Chinin ist als Bitterstoff in Getränken wie Bitter Lemon oder Tonic Water enthalten. In einschlägigen Foren wird von Cocktails mit diesen Getränken berichtet (z. B. Gin Tonic), die unter UV-Licht in Vaters Partykeller oder in der Disco, von den coolen Kids heutzutage „Club“ genannt, der ultimative Partyhit sind. Chinin fluoresziert unter UV-Licht strahlend weiß. Die Versuche ergaben allerdings, dass zwar chininhaltige Getränke toll leuchten, die zugegebene Menge Tonic Water im gebackenen Kuchen aber nicht wirklich reicht, um einen guten Leuchteffekt zu erzeugen, wenn man den Teig nicht verwässern will.

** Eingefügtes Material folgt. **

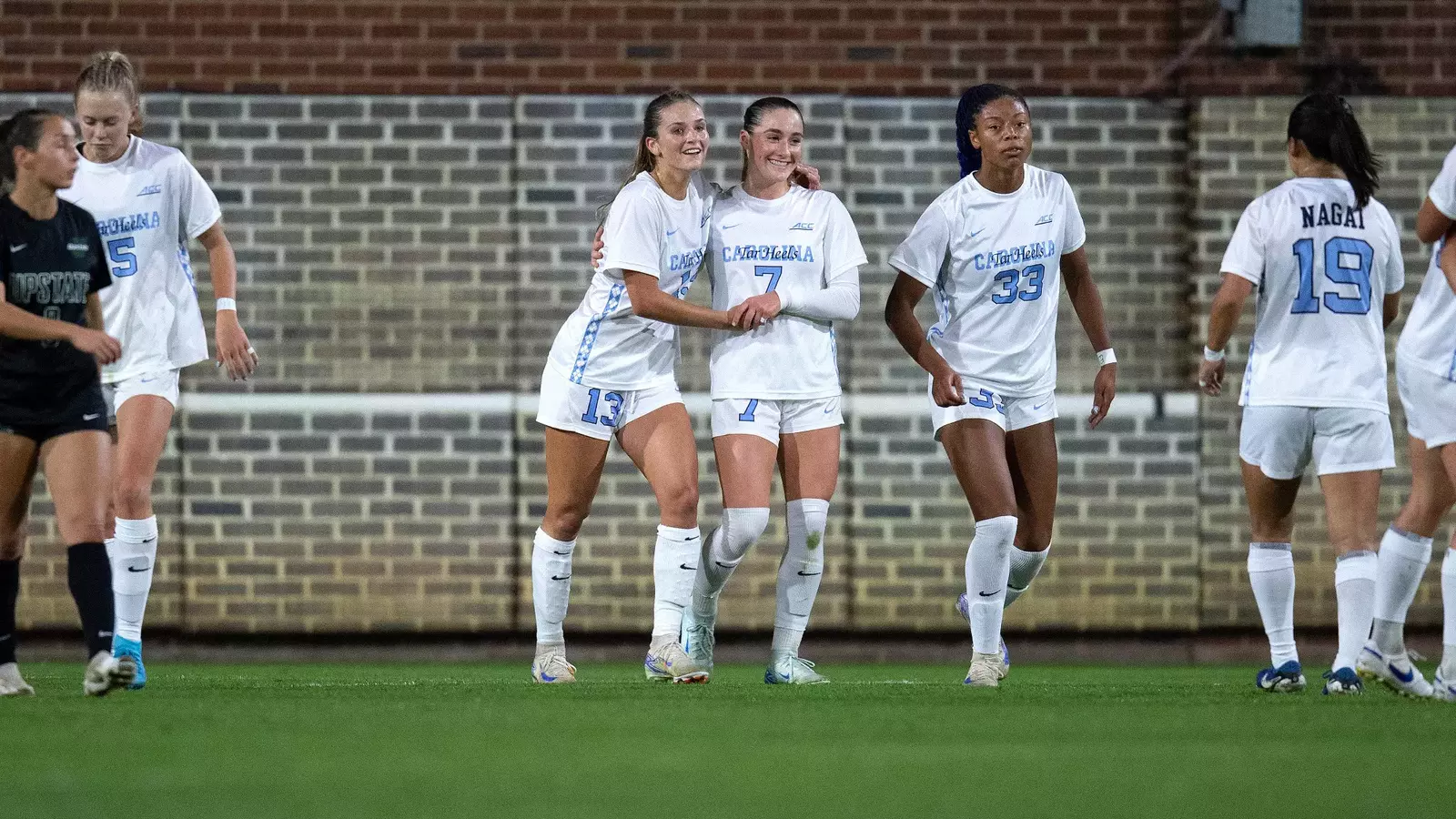 UNC Women’s Soccer Matches Largest NCAA First-Round Win In Program History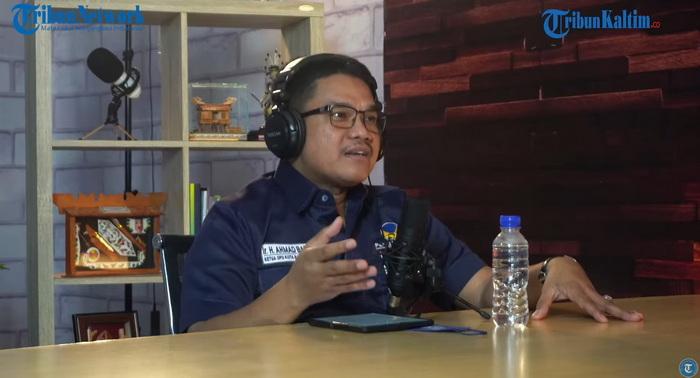 EKSKLUSIF - Nasdem Duluan Calonkan Anies Baswedan, Ahmad Basir Bicara Koalisi di Balikpapan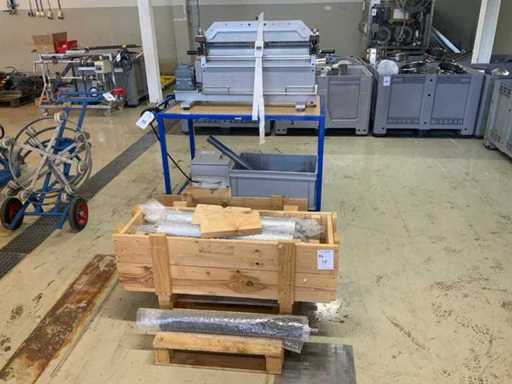 Ungricht EM001 P1T Roller Roller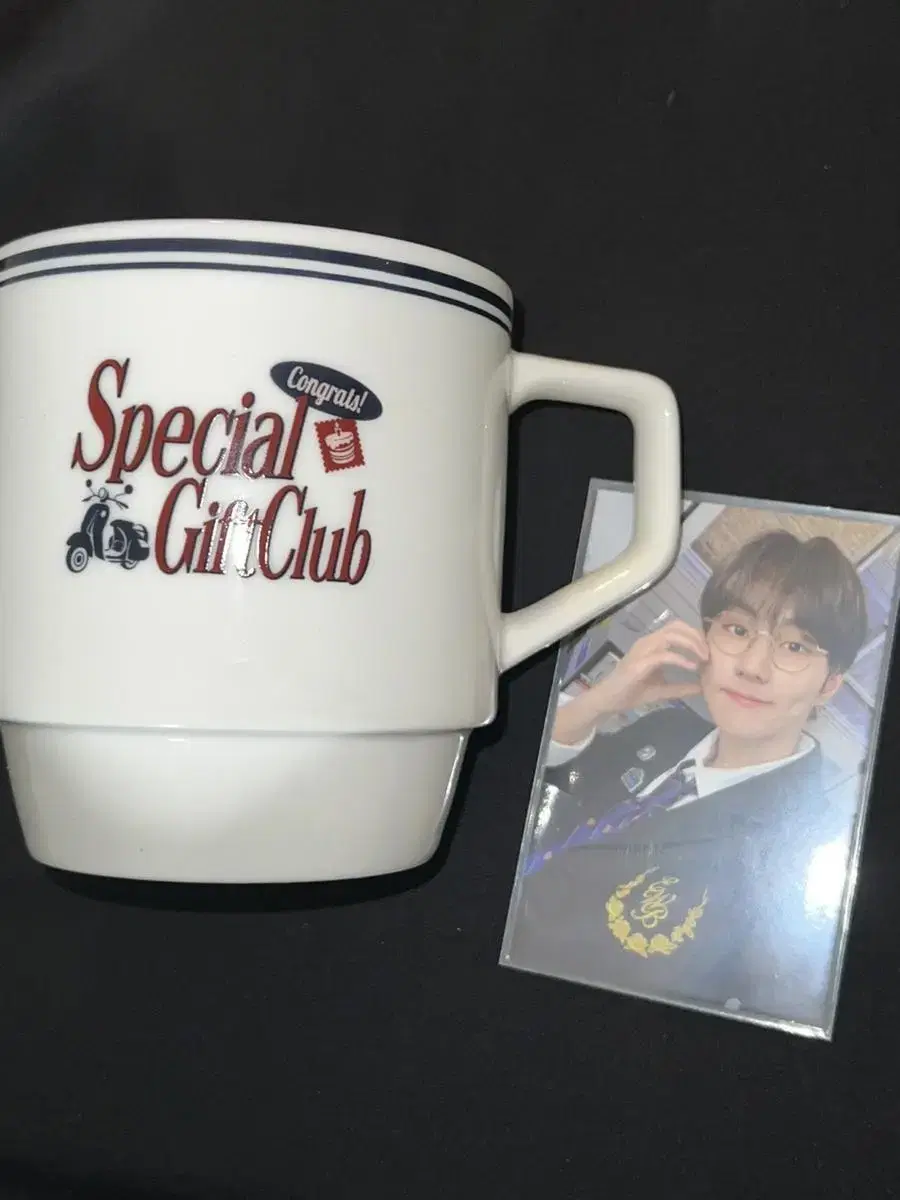 enhypen jungwon birthday mug wts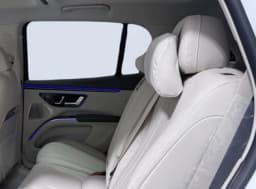 Mercedes-Benz EQS EQS 400 4MATIC SUV 2026 — side view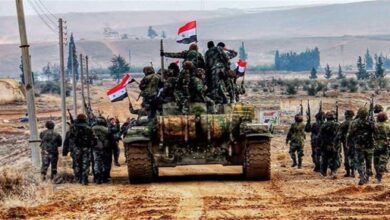 الجيش السوري يحبط هجومين لمسـ. ـلحي "الحزب التركستاني" في إدلب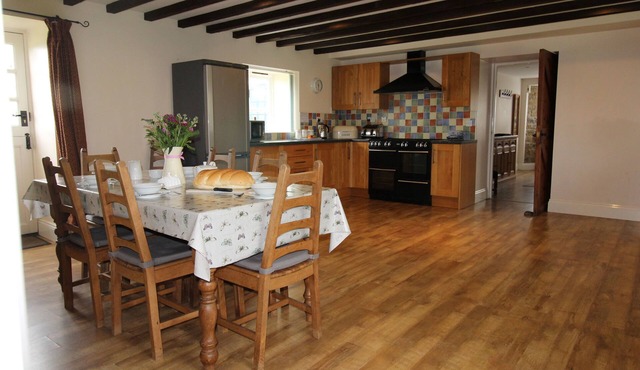 Jacobswell House at Burradon Farm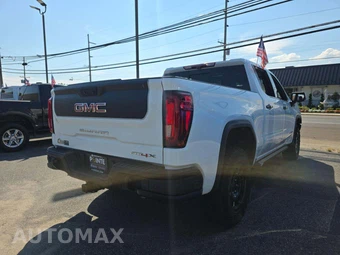 2023 GMC Sierra 1500 AT4X Crew Cab Short Bed 4SG - miniatura 3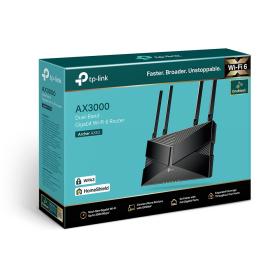 ROUTEUR TP-LINK ARCHER TL-AX53 WIFI 6 GIGABIT AX3000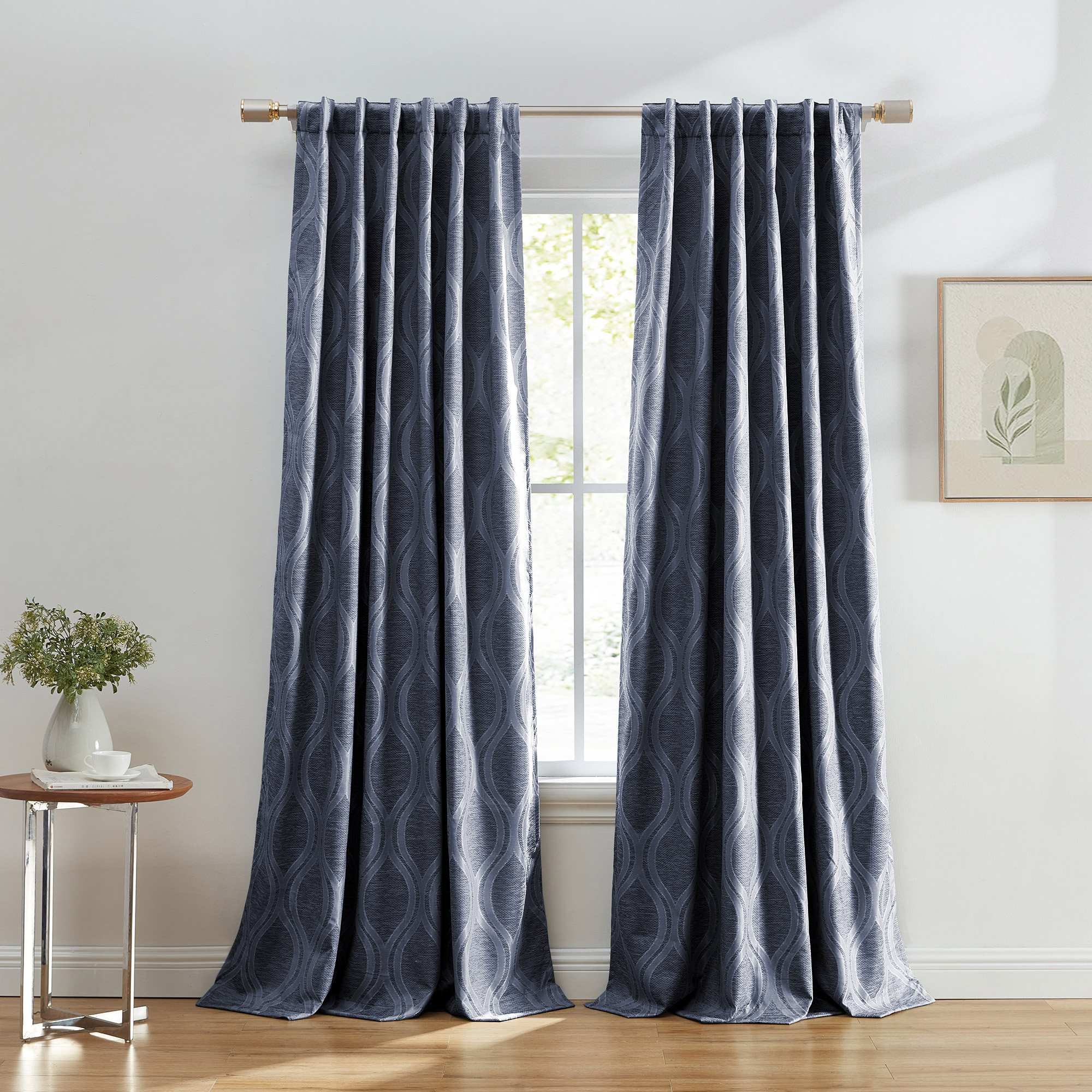 Blackout Curtains For Apartments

Vitamin B-Tabletten  (© Corinne Buch)

Die letzte Chance war also Riboflavin und direkt auch ein Volltreffer. Dazu kauften wir bei einer bekannten Drogeriekette für wenige Euro eine Packung Vitamin B-Tabletten. Diese bestehen aus einer Gelatine-Hülle, in der sich feste weiße und gelbe Kügelchen befinden. Es stellte sich heraus, dass zur Verwendung die Tablettenhülle geöffnet werden muss, die weißen Bestandteile verworfen und die gelben Kugeln herauspräpariert und in ein wenig Wasser aufgelöst werden müssen. Mit bereits geringen Konzentrationen wurde damit ein toller gelber Leuchteffekt unter UV-Licht erreicht.

Das Ergebnis

Ein leuchtender Kuchen  (© Corinne Buch)

Zubereitet wurde also farblich passend ein Zitronenkuchen mit in ein paar Tropfen Wasser gelösten gelben Riboflavin-Kügelchen aus insgesamt vier Vitamin-B-Tabletten. Um Chinin doch noch zum Einsatz zu bringen, wurde der Zuckerguss mit etwas Tonic Water angerührt. Der Gesamteffekt war zwar nur direkt am UV-Leuchtturm sichtbar, wir hatten aber für die Experimente zuvor eine UV-Taschenlampe besorgt, die auch am Kuchenbuffet zum Einsatz kam.

Leuchtkuchen im UV-Licht  (© Detlef Mährmann)

So viel Aufwand für einen Kuchen?

Ja, aber auch eine tolle Versuchsreihe. Nicht nur die ständige Verkostung von frischem Gebäck sorgte in der restlichen Familie für Begeisterung, sondern es wurden mit der UV-Taschenlampe auch weitere Alltagsdinge auf UV-Fluoreszenz untersucht – vom Geldschein über Vollwaschmittel und Textmarker bis hin zu Blüten, die im UV-Spektrum sehende Insekten anlocken könnten.

Tonic Water eignet sich übrigens auch hervorragend als Geheimtinte für kleine Nachwuchsdetektivinnen.